Leonard was outstanding but was almost overshadowed by Siakam. The frontrunner for Most Improved Player was just as good, averaging 22.6 points and 8.4 rebounds in the easy five-game series. Kyle Lowry even showed that perhaps he’s over the playoff woes that have plagued him his entire career. The 33-year-old point guard averaged 14.3 points and 51 percent after going 0-for-7 in Game 1.

They’ll face a stiffer test in the second round but should find more offensive success. The Raptors averaged 115.5 points against the Sixers, nearly 12 points more than the 103.7 they averaged in their other games.

Slowing down Joel Embiid will be critical, and that’s part of the reason they dealt for Gasol at the deadline. After that, it’s about the three-headed monster of Lowry, Leonard and Siakam showing up.

Will Joel Embiid’s Knee Hold Up?

There are two scenarios in play for the Sixers in the second round:

  1. Joel Embiid’s worrisome left knee remains an issue throughout the series and the Sixers don’t have enough scoring to keep up with the Raptors
  2. Embiid resting in Game 3 against the Nets, plus the time he’ll get off after ending the series in five games, got the knee back to as close to 100 percent as possible and he’s the most dominant player in their matchup against the Raptors

It’ll be something to watch the entire series, which has the feel of one that will go back and forth and potentially to seven games.
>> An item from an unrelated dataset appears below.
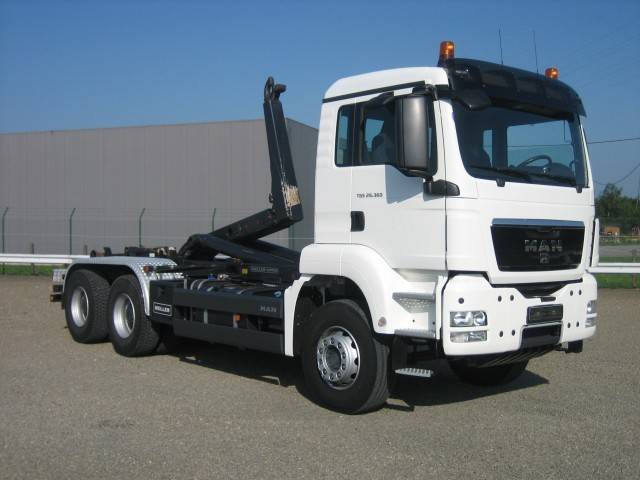 Un petit MAN AMPIROLL 556913-camion-man-a_bras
The Sixers were able to cruise past a Nets team – after a perplexing Game 1 performance – thanks to Ben Simmons, Tobias Harris and Jimmy Butler, who combined to average 51 efficient points in Philly’s final four victories. But the road gets much tougher, and waiting for them is Toronto’s fifth-ranked defense that was third best over the last five weeks of the season.

There’s hope, though. Simmons has taken has game to another level and the Raptors don’t have a true answer for him. He averaged 16.3 points on 63 percent shooting, 9.3 rebounds and 8.8 assists in the four matchups.

Butler will have to play better offensively, but his main assignment will be slowing down Kawhi Leonard. That’s exactly why first-year GM Elton Brand traded for him at the deadline: To slow down the game’s best wings when the games mattered most.

In the end it’ll come down to Embiid’s health. Philadelphia is the rightful underdog, meaning their best players will have to outshine Toronto’s. That’s the big man in the middle. He averaged 26.3 points and 11.8 rebounds in four games against Toronto in the regular season and he’ll need every one of those for the Sixers to have a chance.